Synthèse générale des Contributions Collectives Grand Nord Avenir (charpentée par annexes 1 à 9)

Synthèse générale des Contributions Collectives de Grand Nord Avenir
(Nord, Pas-de-Calais, Bruxelles, Somme)
Les contributions thématiques qui ont charpenté cette synthèse sont publiées sur le site sous la forme d'annexes 1 à 9).
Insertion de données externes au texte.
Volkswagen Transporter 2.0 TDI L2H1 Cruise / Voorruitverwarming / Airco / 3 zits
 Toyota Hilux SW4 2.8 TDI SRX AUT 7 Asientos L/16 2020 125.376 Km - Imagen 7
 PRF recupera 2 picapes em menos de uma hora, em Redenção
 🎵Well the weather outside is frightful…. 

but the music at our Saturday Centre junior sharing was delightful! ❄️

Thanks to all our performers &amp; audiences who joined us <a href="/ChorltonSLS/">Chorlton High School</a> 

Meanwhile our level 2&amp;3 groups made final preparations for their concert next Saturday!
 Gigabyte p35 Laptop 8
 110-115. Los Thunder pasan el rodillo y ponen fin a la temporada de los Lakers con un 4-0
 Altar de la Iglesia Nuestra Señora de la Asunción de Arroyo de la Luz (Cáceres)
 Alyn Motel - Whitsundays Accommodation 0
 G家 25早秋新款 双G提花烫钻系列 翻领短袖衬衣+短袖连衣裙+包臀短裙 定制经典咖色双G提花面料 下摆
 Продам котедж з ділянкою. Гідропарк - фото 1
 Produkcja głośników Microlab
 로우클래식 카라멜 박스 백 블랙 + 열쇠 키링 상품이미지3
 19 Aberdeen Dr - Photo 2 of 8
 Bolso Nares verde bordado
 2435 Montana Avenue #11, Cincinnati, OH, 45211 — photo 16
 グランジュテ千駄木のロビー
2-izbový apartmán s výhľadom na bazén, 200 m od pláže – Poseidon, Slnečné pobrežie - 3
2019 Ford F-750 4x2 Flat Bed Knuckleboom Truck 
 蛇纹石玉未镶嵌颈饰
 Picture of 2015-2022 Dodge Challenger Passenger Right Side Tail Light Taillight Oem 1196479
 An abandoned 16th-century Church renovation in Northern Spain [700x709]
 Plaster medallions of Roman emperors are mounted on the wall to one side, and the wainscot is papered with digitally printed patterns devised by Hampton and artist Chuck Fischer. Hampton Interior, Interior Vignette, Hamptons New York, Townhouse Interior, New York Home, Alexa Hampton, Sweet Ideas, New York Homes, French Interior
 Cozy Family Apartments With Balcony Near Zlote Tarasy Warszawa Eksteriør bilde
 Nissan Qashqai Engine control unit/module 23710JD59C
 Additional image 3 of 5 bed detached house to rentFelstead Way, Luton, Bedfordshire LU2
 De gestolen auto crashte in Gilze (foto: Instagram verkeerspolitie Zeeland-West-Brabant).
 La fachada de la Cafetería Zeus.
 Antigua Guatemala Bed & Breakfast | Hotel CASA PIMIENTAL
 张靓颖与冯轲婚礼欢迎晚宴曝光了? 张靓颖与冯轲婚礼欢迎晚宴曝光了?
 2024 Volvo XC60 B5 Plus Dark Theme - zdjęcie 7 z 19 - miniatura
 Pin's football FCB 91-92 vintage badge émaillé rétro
Ont participé à la Contribution Collective de Grand Nord Avenir :

Nicole Fondeneige et Emmanuel PETEL, Bruxelles, Jean-Michel Caudron-Callewaert – Rouen-Agglo et Bruxelles, Daniel Cordiez , Marie-Andrée Cadiot, Alain Fournier, Jean-Luc Vasseur, Dunkerque Flandre Littoral (59), Vincent Baralle, Arras (62), Philippe Harquet, Marcq en Baroeul (59), Jean-Bernard Cyffers, Jean-Claude Provo, Marcel Donneger, Pays de Montreuil (62), Christophe Dutelle de Negrefeuille, Liévin (62), Bernard Delebecque et Pierre-Gérard Willemetz, Tourcoing (59) , Michel David, Georges Voix, Philippe Maton, Roubaix (59), Ludovic Corbehem et Gilbert Gosse – Douchy les Mines/Valenciennois (59), Abdel Zemzami, La Madeleine (59), Stéphane Bedleem, Halluin (59), Jean Rivera et Dominique Bréard, Poulainville (80), Nicole Guilpin-Halajko, Pontoise (95), Gérard Eloi, Sophie et Joaquim Cervera et Etelvina Lefeubvre (78), e-militants de la Task-Force, Dominique Millecamps, Rueil-Malmaison (92), Benoit Tshisanga, Corinne Crettaz, Jean-Marie Richard, Bernard Vigreux et Brigitte Huttner , Villeneuve d’Ascq (59).

Introduction.

Les difficultés de la construction européenne vécues ces dernières années traduisent l’insatisfaction des citoyens à l’égard des constructions politiques « volontaristes ». Cette absence de convergence politique laisse alors le champ libre à un ultra-libéralisme économique, politique et social qui déstructure les liens et les enjeux collectifs au profit des logiques individuelles ou nationales.
Les événements de novembre 2005 ont montré l’ampleur de la crise sociale et urbaine qui existe en France. Ainsi, le modèle d’intégration français – assimilateur - est mis à l’index sous la pression d’un multiculturalisme ambiant qui pousse à la simple juxtaposition des cultures. L’affaiblissement des corps sociaux qui assuraient les intégrations sociales et culturelles (école, associations, églises, syndicats, services publics...) renforce le sentiment de dérive généralisée. Dès lors, le rôle de l’Etat et son efficacité sont l’un et l’autre contestés par la Droite sarkozyste dans le but de limiter la puissance publique aux seules fonctions régaliennes.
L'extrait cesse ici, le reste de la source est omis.